[Stored data]
=== Begin Enclosure ===
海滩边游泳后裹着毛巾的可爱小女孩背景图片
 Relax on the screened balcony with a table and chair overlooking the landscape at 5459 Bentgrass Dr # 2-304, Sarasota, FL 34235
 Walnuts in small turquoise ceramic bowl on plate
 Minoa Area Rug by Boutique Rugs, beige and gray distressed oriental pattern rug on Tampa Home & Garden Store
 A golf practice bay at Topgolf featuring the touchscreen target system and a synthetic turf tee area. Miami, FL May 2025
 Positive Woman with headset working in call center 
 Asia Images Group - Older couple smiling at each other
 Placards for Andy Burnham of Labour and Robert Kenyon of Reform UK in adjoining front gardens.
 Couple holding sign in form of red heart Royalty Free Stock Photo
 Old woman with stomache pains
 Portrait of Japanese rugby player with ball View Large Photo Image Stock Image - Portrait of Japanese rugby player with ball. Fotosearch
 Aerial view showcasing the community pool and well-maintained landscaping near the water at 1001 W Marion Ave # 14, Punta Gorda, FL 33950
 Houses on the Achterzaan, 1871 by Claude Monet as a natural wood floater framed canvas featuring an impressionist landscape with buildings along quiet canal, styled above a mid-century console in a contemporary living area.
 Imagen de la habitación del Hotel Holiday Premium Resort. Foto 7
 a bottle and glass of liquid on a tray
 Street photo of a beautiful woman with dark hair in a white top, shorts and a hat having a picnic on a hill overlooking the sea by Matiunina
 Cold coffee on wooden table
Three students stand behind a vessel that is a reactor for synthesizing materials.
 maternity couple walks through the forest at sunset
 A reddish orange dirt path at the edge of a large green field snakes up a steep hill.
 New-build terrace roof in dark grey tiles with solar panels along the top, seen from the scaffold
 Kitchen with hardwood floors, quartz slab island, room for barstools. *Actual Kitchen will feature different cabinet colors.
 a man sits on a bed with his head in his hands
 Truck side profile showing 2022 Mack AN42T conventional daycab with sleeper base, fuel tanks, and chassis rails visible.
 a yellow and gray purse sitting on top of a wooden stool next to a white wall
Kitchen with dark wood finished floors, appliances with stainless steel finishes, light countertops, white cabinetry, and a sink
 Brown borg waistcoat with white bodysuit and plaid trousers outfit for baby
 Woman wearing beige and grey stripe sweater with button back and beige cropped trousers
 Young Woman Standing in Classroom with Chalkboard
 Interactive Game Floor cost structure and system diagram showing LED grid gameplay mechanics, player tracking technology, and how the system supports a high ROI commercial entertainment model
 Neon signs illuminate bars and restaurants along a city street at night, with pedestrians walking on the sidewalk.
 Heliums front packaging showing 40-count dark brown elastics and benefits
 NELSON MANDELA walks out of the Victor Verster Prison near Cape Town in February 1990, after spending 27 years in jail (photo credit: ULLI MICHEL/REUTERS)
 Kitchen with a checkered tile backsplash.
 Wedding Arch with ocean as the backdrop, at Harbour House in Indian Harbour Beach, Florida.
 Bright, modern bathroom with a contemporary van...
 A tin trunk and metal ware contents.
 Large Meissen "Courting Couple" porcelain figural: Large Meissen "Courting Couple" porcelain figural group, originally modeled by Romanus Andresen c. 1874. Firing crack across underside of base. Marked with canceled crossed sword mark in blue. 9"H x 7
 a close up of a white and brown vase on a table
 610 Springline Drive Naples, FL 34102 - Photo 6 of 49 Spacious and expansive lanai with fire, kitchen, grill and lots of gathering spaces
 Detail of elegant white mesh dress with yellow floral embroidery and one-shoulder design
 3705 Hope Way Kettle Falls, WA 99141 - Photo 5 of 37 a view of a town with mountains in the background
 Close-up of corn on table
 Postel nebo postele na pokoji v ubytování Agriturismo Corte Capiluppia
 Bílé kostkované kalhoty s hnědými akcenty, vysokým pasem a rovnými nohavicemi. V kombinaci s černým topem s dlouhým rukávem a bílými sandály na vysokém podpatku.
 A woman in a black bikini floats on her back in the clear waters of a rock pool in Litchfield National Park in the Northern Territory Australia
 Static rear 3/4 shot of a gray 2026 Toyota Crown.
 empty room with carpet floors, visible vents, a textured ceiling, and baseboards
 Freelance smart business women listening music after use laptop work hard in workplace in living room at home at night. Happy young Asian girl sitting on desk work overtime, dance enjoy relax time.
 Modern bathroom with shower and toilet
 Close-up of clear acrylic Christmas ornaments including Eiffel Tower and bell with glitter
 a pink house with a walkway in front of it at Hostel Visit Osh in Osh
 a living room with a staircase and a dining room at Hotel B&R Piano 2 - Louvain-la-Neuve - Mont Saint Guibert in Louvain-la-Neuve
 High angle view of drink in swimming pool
=== End Enclosure ===
The expected answer is an exact copy of the lines above, beginning at the line with "Old woman with stomache pains" and ending at the line with "Aerial view showcasing", with both ends in.

 Old woman with stomache pains
 Portrait of Japanese rugby player with ball View Large Photo Image Stock Image - Portrait of Japanese rugby player with ball. Fotosearch
 Aerial view showcasing the community pool and well-maintained landscaping near the water at 1001 W Marion Ave # 14, Punta Gorda, FL 33950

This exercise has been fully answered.